→ What is needed: Where the line containing "メキシコフィエスタサボテン1歳の誕生日 スタンダードカクテルナプキン" appears, end the copy there, keeping that line; start from the first line of the entries, copy exactly, and omit pictures.

→ Task inputs:
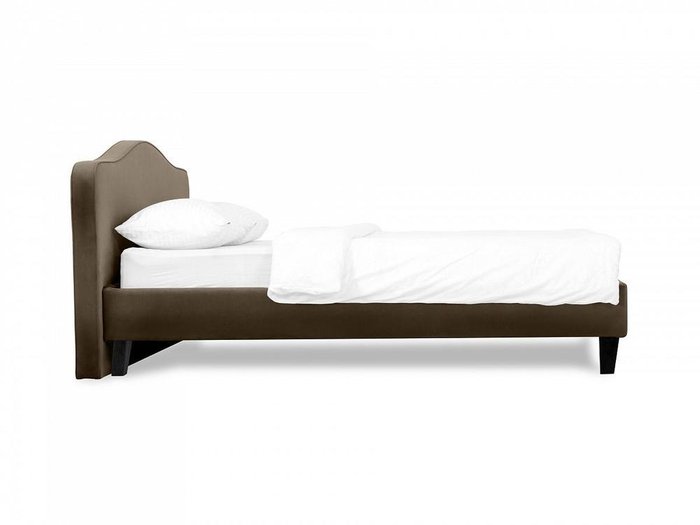 Кровать Queen II Elizabeth L 160х200 коричневого цвета - лучшие Кровати для спальни в INMYROOM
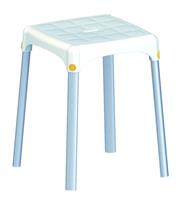 Douchekruk - vierkant - zachte zitting licht blauw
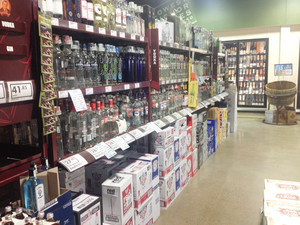 Dan Murphy's Pic 3 - Loaded shelves vodka aisle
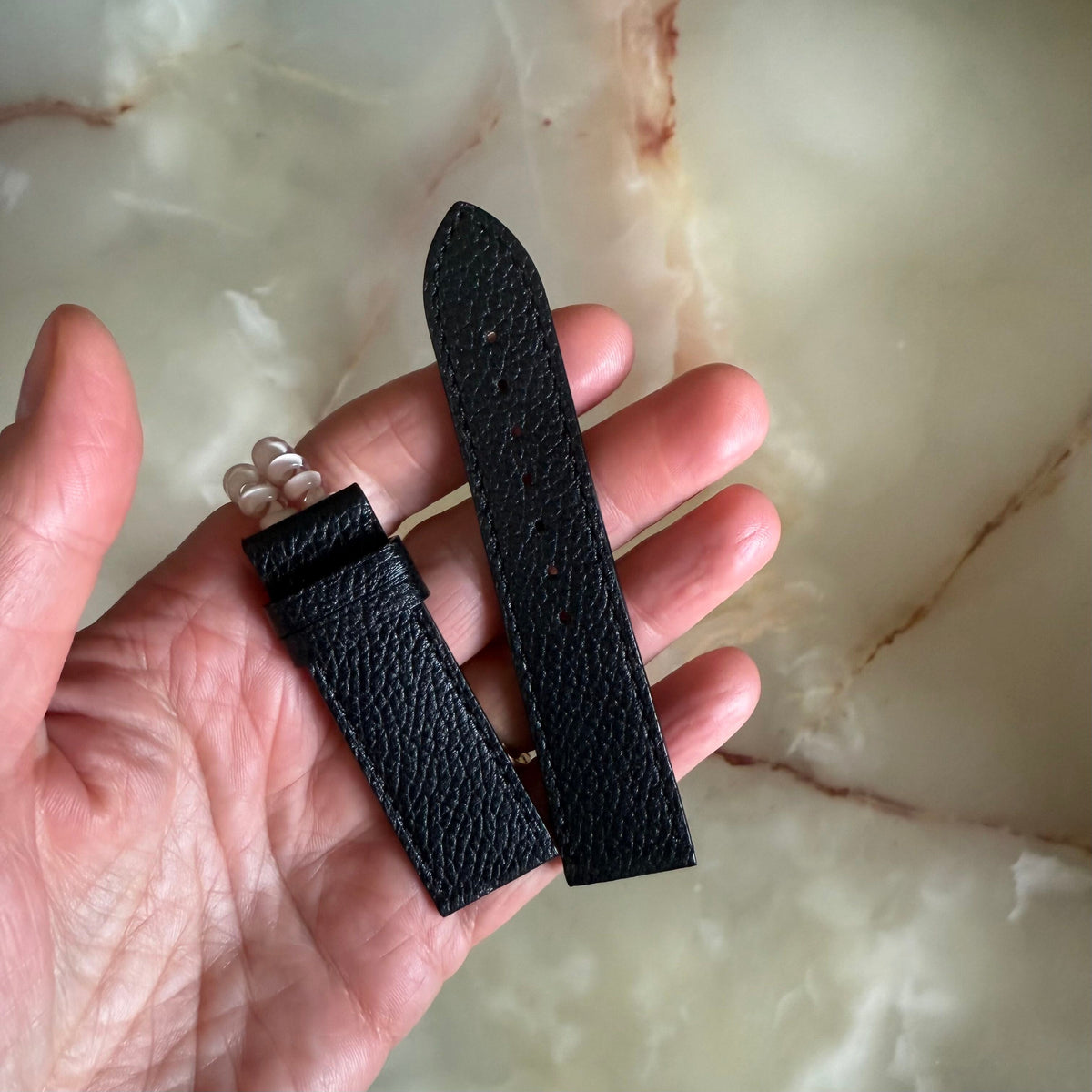 Authentic Tissot Black Leather Watch Strap Band 20mm T610014575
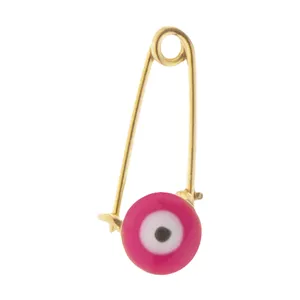 سنجاق سینه طلا 18 عیار طرح چشم نظر کد SP-004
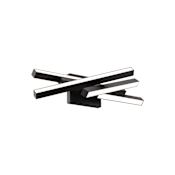 WAC Lighting Parallax 20" Wide Switchable Color Temperature LED Bath Bar - Set to 2700K Black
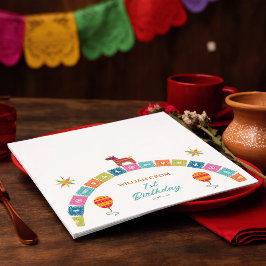 メキシコフィエスタサボテン1歳の誕生日 スタンダードカクテルナプキン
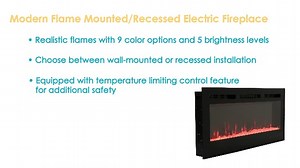 Watch Sunnydaze Modern Flame Mounted Indoor Electric Fireplace on Amazon Live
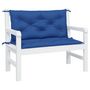 Voir la diapositive 3 : VIDAXL Coussins de banc de jardin lot de 2 bleu royal tissu oxford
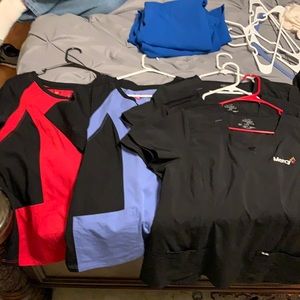 Sold - duplicate  Large Scrub tops. Set of 5 for $25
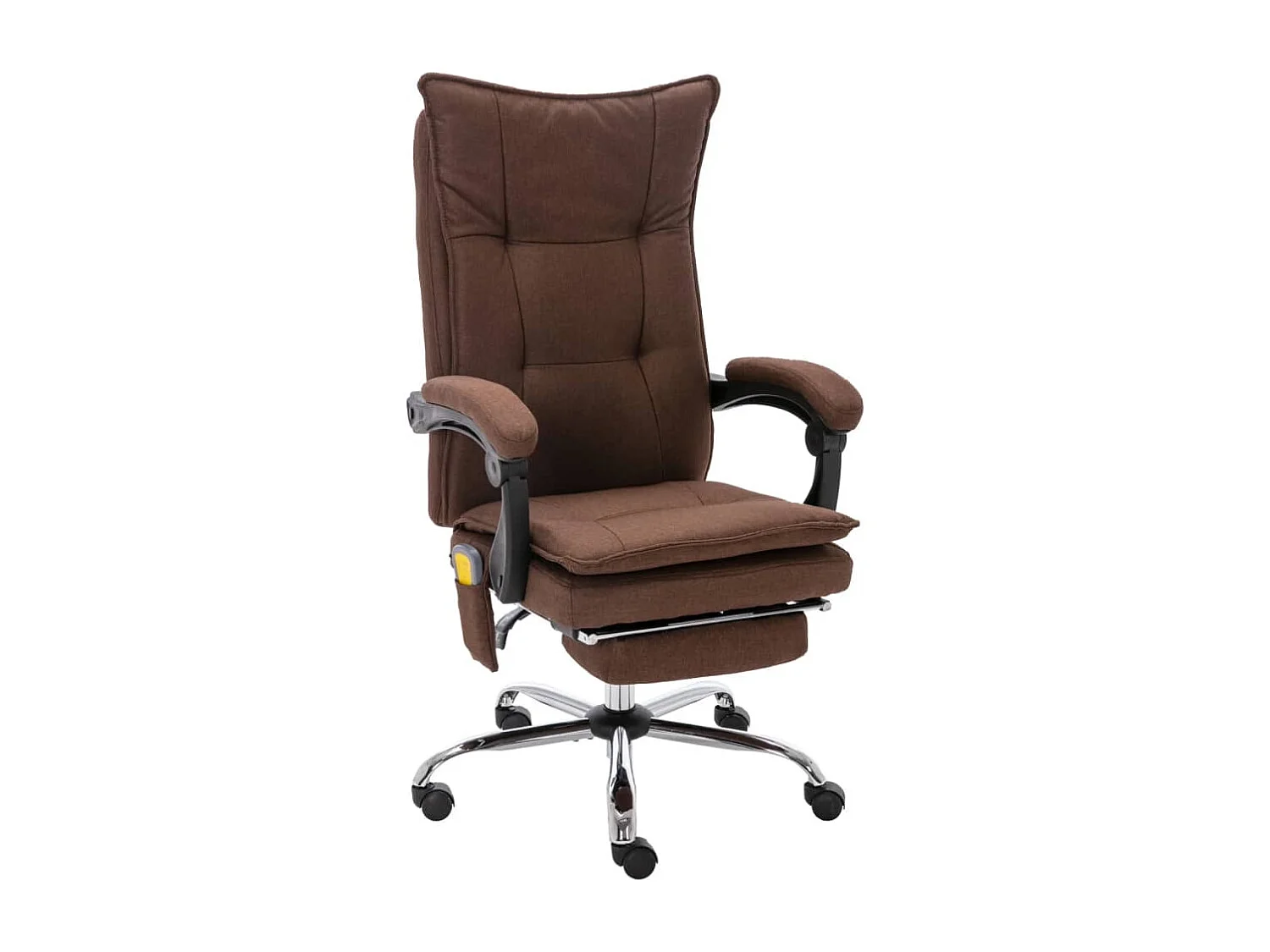Kantoormassagestoel stof bruin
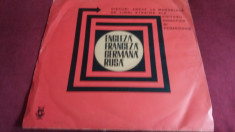 DISC VINIL DISC PENTRU MANUALUL DE LIMBA FRANCEZA CLASA A VI A EXE 0484 foto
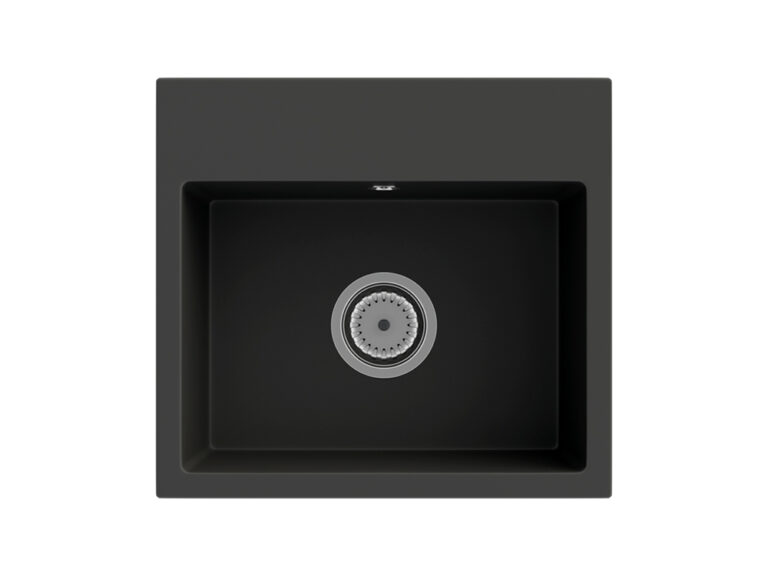 zlewozmywak-granitowy-kuchenny-milos-jednokomorowy-bez-ociekacza-caly-czarny-biale-tlo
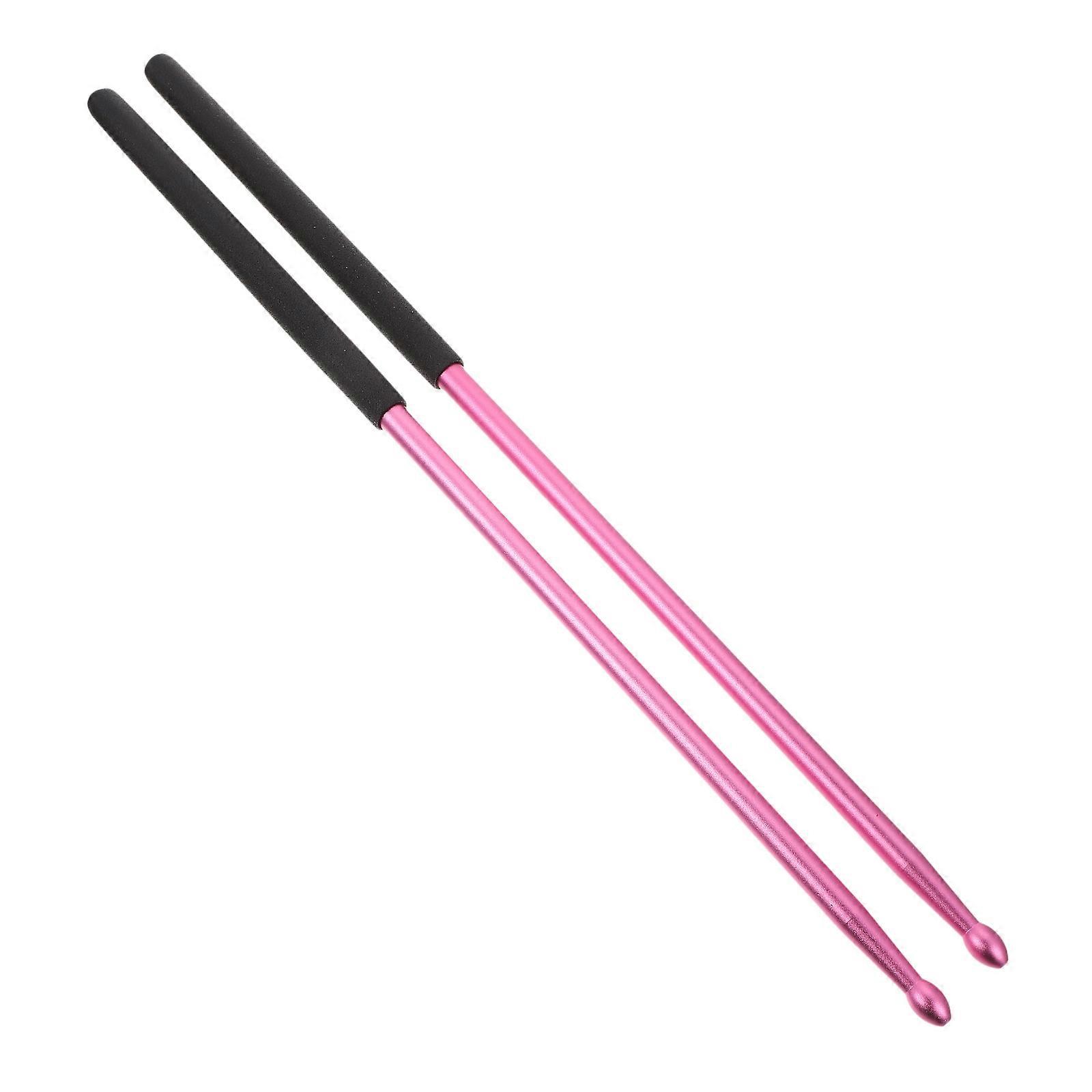 Practical Rosy Aluminum Alloy Drum Sticks for Drum Use 2Pcs Percussion Set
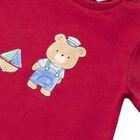 Baby Boys Red & Beige Shorts Set, 1, hi-res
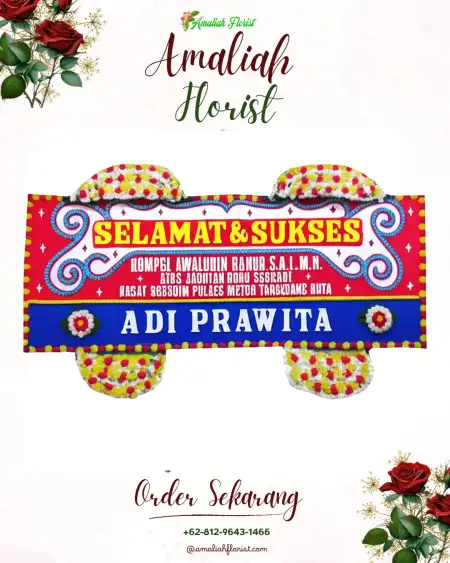Papan Bunga Ucapan Selamat Selopamioro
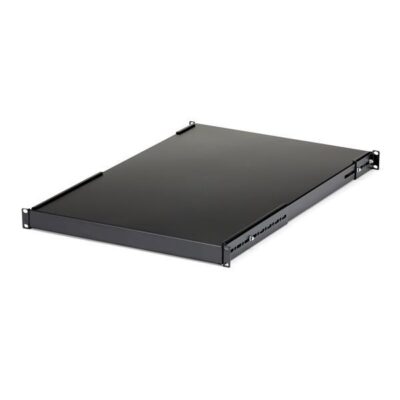 1U 19in Adjustable Rack Mount Shelf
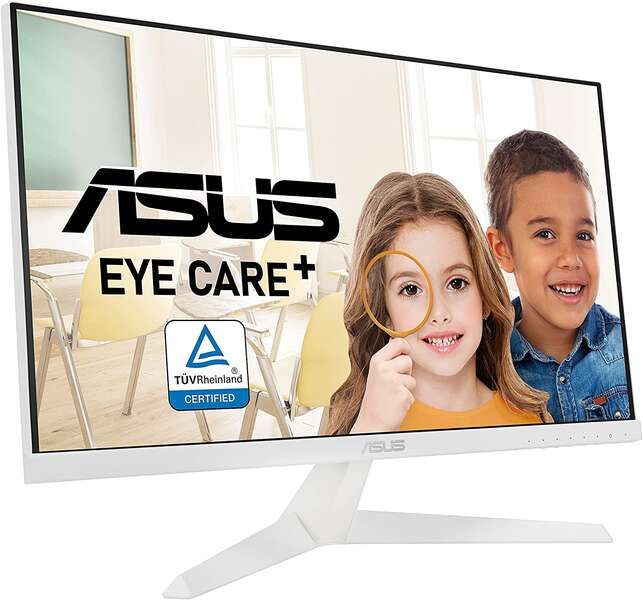 Asus VY249HE-W Monitor 23.8" LED IPS Full HD 1080p 75Hz FreeSync - Respuesta 1ms - Angulo de Vision 178° - 16:9 - HDMI, VGA - VESA 100x100mm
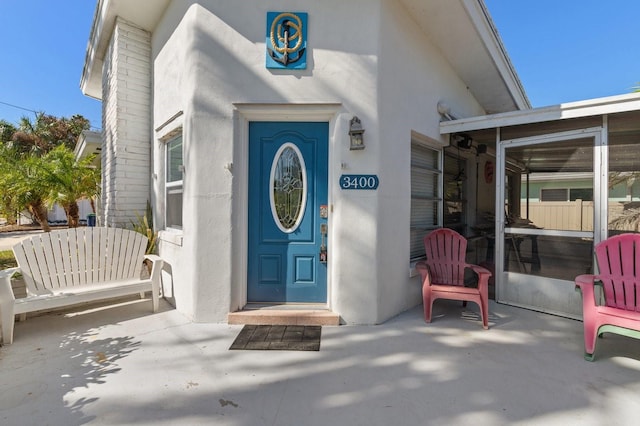 view of doorway to property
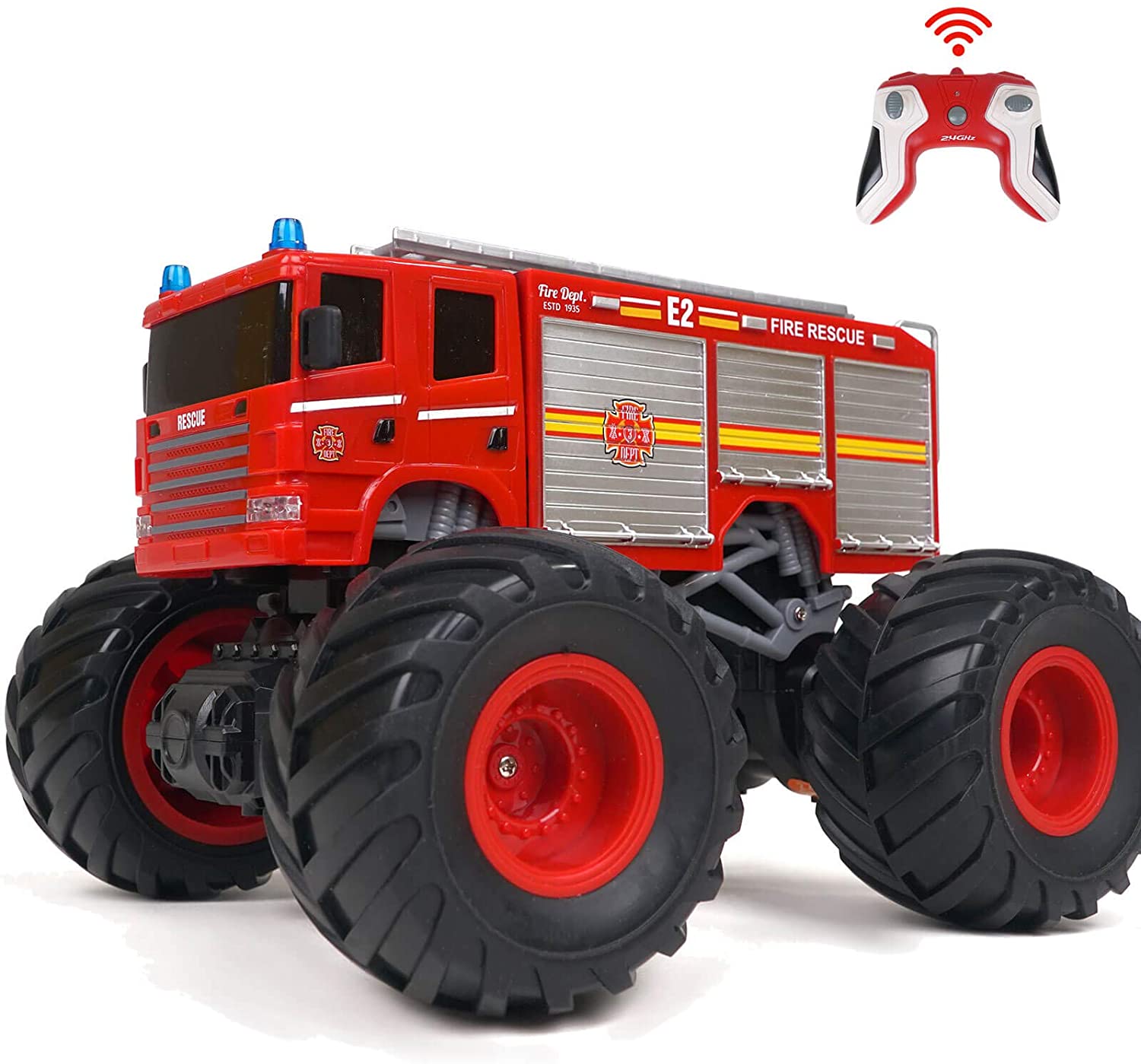 WOWRC Fire Truck RTR Red 1/18th Scale-HOBBY ZONE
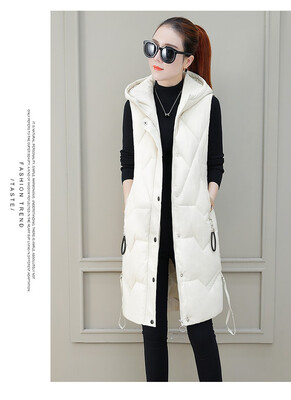 2018 new cotton vest winter womens long baggy thick hooded vest bf down vest jacket is fashionable
2018 new cotton vest winter womens long baggy thick hooded vest bf down vest jacket is fashionable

→ Response for this exercise:
 Кровать Queen II Elizabeth L 160х200 коричневого цвета - лучшие Кровати для спальни в INMYROOM
 Douchekruk - vierkant - zachte zitting licht blauw
 Dan Murphy's Pic 3 - Loaded shelves vodka aisle
 Authentic Tissot Black Leather Watch Strap Band 20mm T610014575
 سنجاق سینه طلا 18 عیار طرح چشم نظر کد SP-004
 WAC Lighting Parallax 20" Wide Switchable Color Temperature LED Bath Bar - Set to 2700K Black
 メキシコフィエスタサボテン1歳の誕生日 スタンダードカクテルナプキン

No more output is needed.